§ **PROBLEM TO WORK ON**
Your copy should begin with the line containing "180 Union St, Montclair, NJ", end with the line containing "Suzie Plakson as Senior Flight Attendant", match the listing below exactly, and contain no pictures.

§ **LISTED ENTRIES**

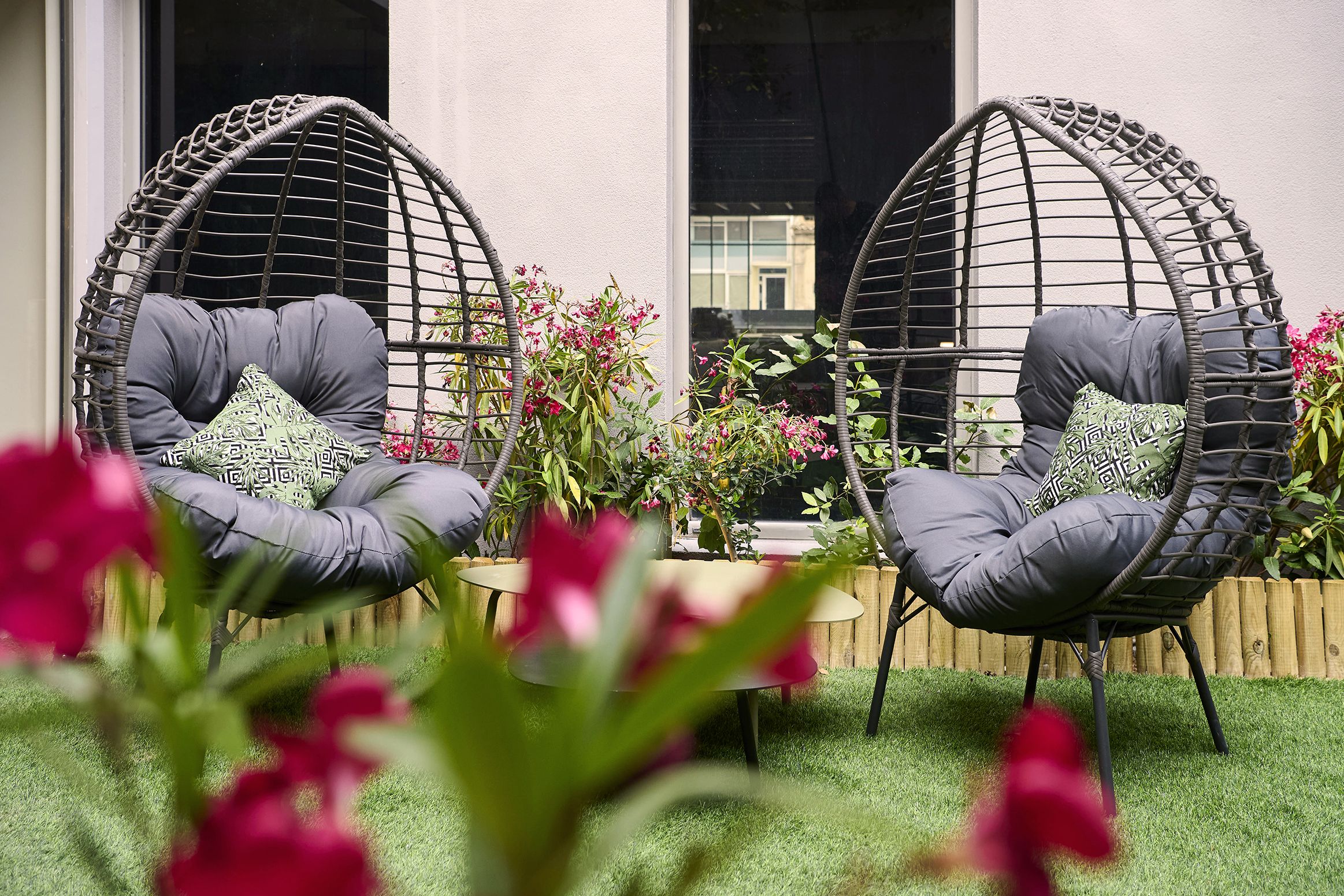 Deux fauteuils en osier avec des coussins, une petite table et un pot de fleurs orné de fleurs roses.
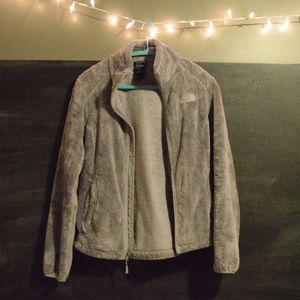 Grey fuzzy north face jacket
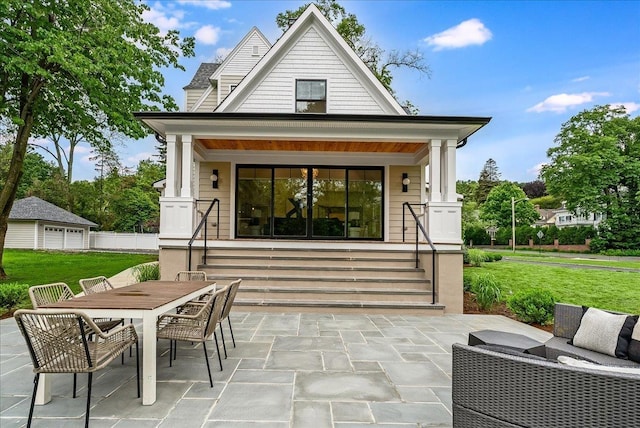 180 Union St, Montclair, NJ 07042 - back of house featuring covered porch, a lawn, and outdoor dining space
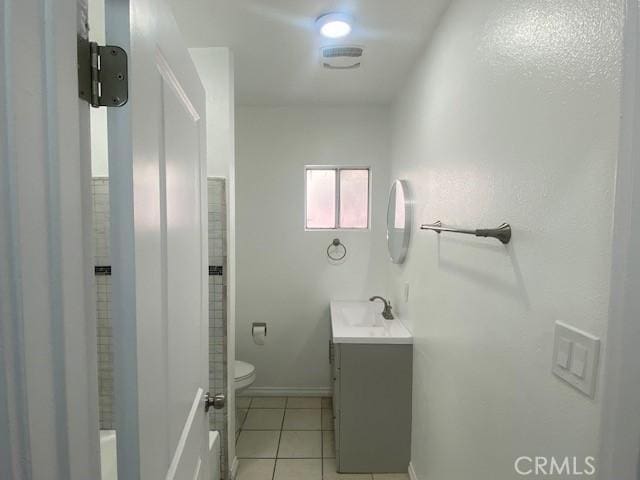 bathroom with visible vents, tile patterned floors, baseboards, vanity, and toilet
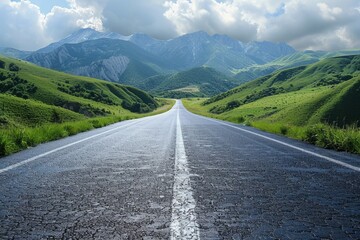 Obraz premium Empty asphalt road leading to the mountains in summer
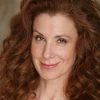 Suzie Plakson as Senior Flight Attendant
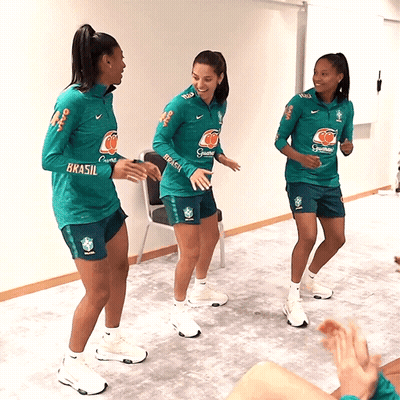 Three Female Athletes Wearing Green Shirts That Say Brasil Are Dancing Together GIF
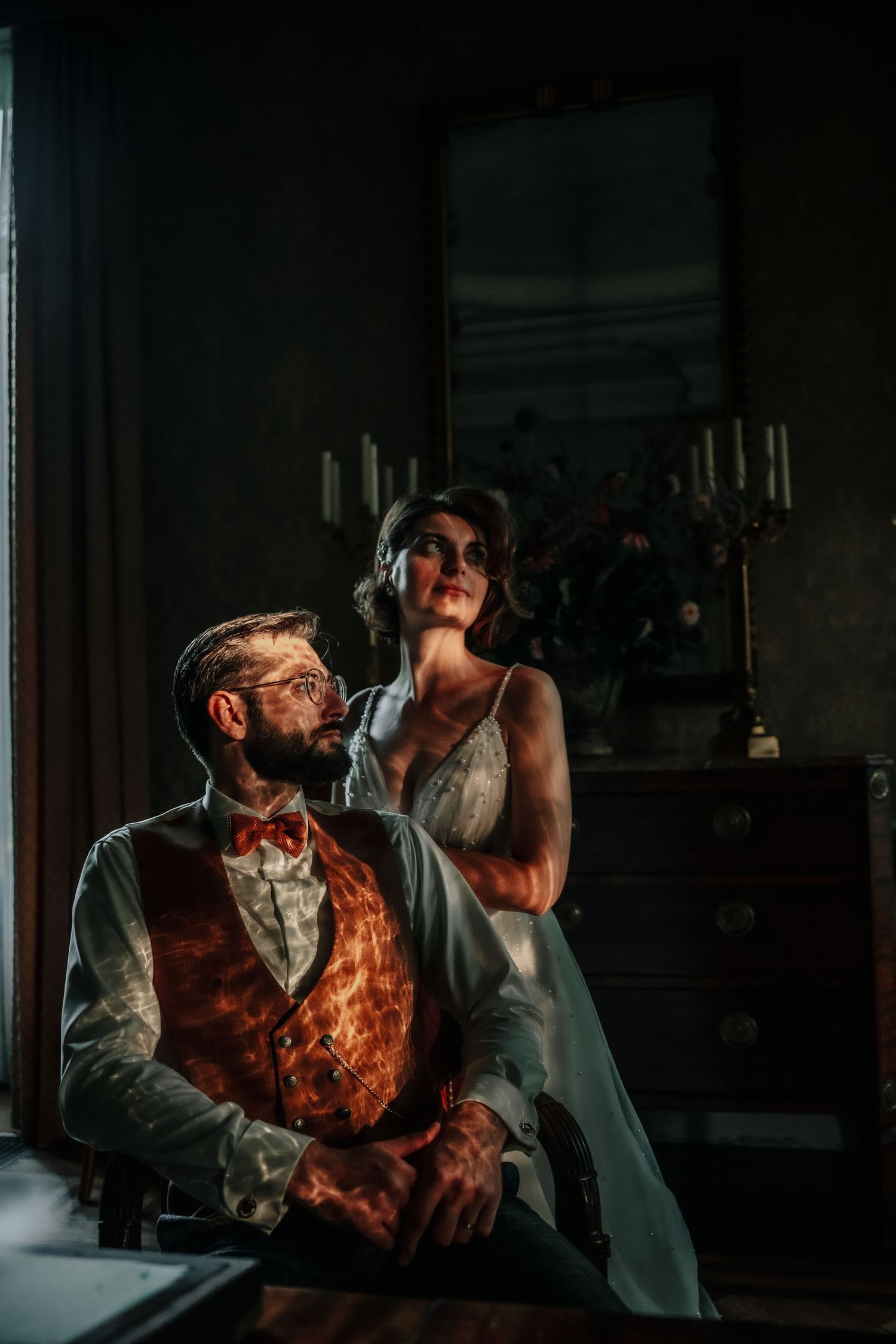 A figure in vintage attire sits in moody lighting drinking from a bottle across a series of dramatic shots.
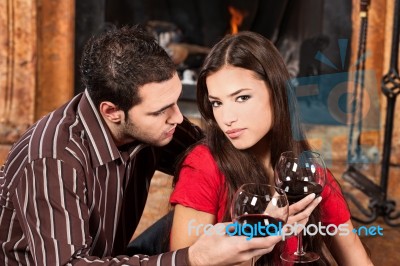 Couple In Love Near Fireplace Stock Photo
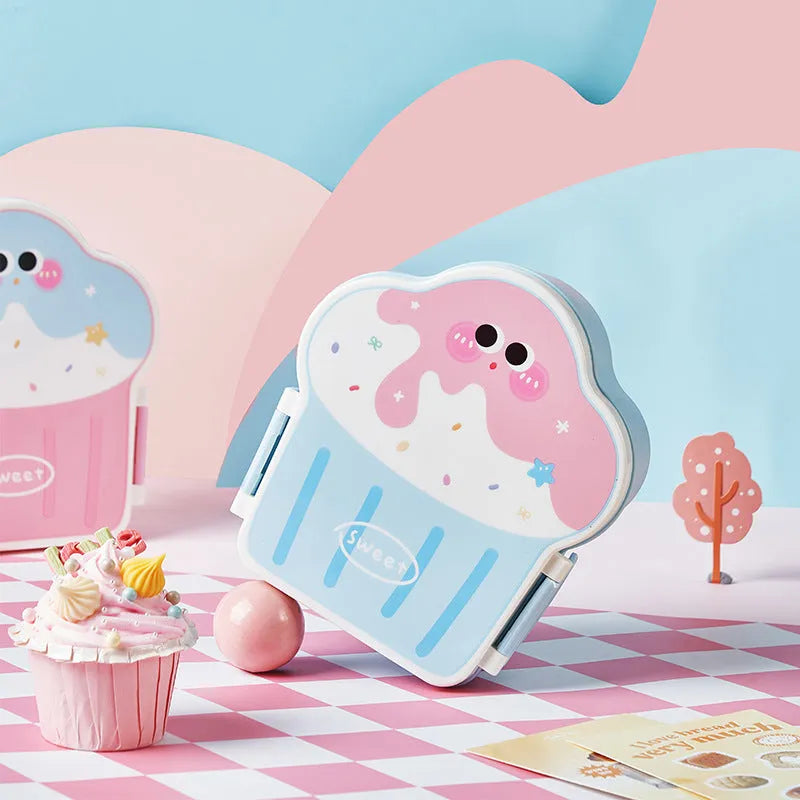 Creative blue and pink ice cream shaped plastic lunch box with spoon and fork on a table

§ **FINAL ANSWER**
 180 Union St, Montclair, NJ 07042 - back of house featuring covered porch, a lawn, and outdoor dining space
 bathroom with visible vents, tile patterned floors, baseboards, vanity, and toilet
 Obraz premium Empty asphalt road leading to the mountains in summer
 Suzie Plakson as Senior Flight Attendant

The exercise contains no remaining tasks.